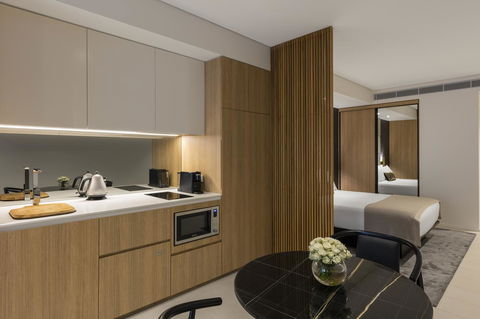 SKYE Suites Sydney - Petrol Stations 24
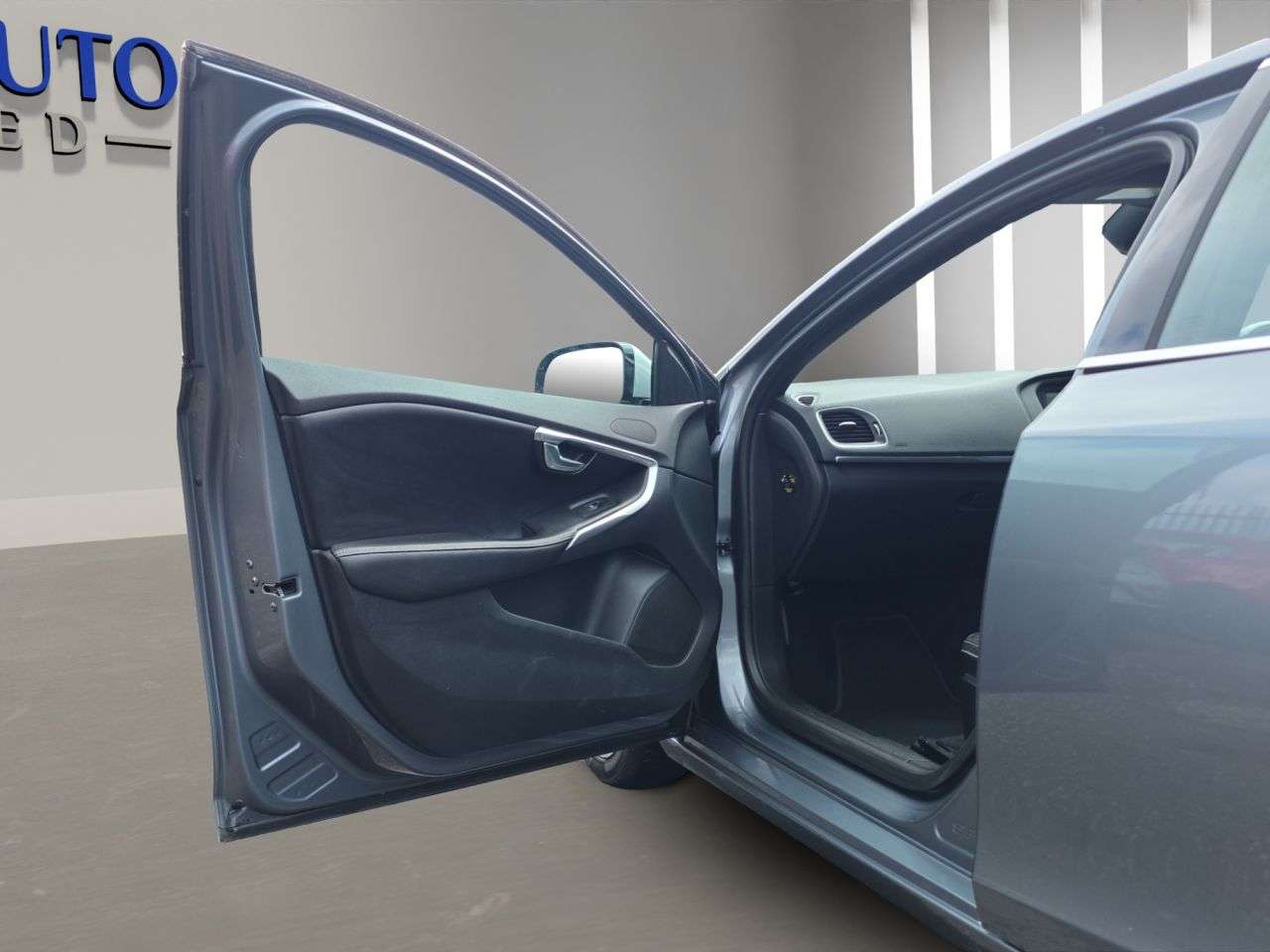 2015 VOLVO V40 2015 VOLVO V40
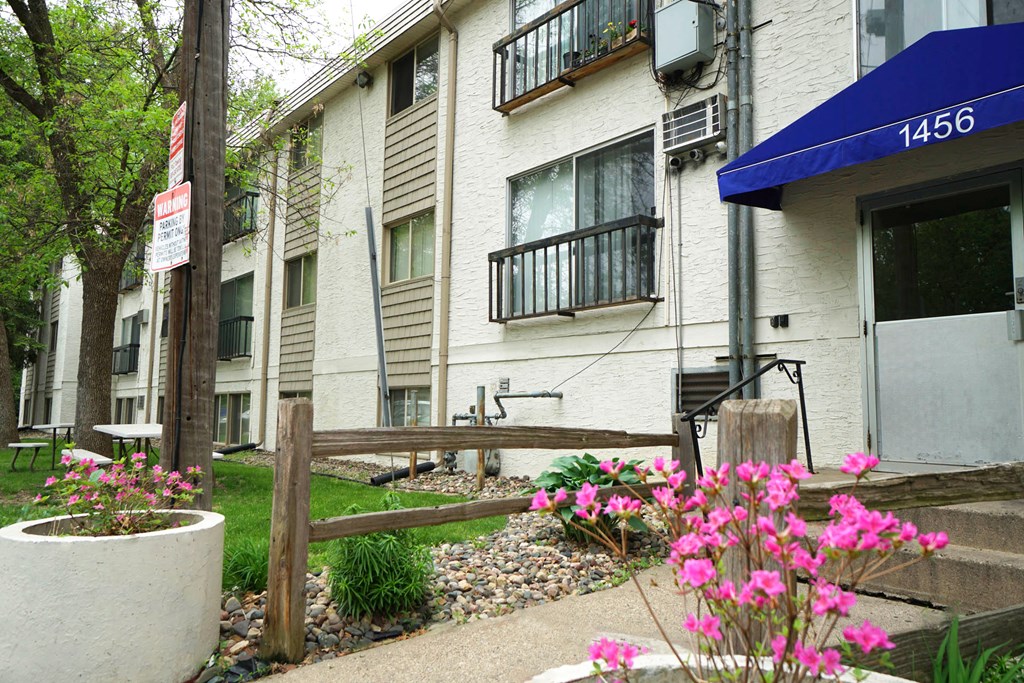 Grand Magnolia Apartments exterior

(Exercise instructions) Your answer should contain all the material above, written out exactly, and none of the pictures.

(The answer)
 SKYE Suites Sydney - Petrol Stations 24
 2015 VOLVO V40 2015 VOLVO V40
 Grand Magnolia Apartments exterior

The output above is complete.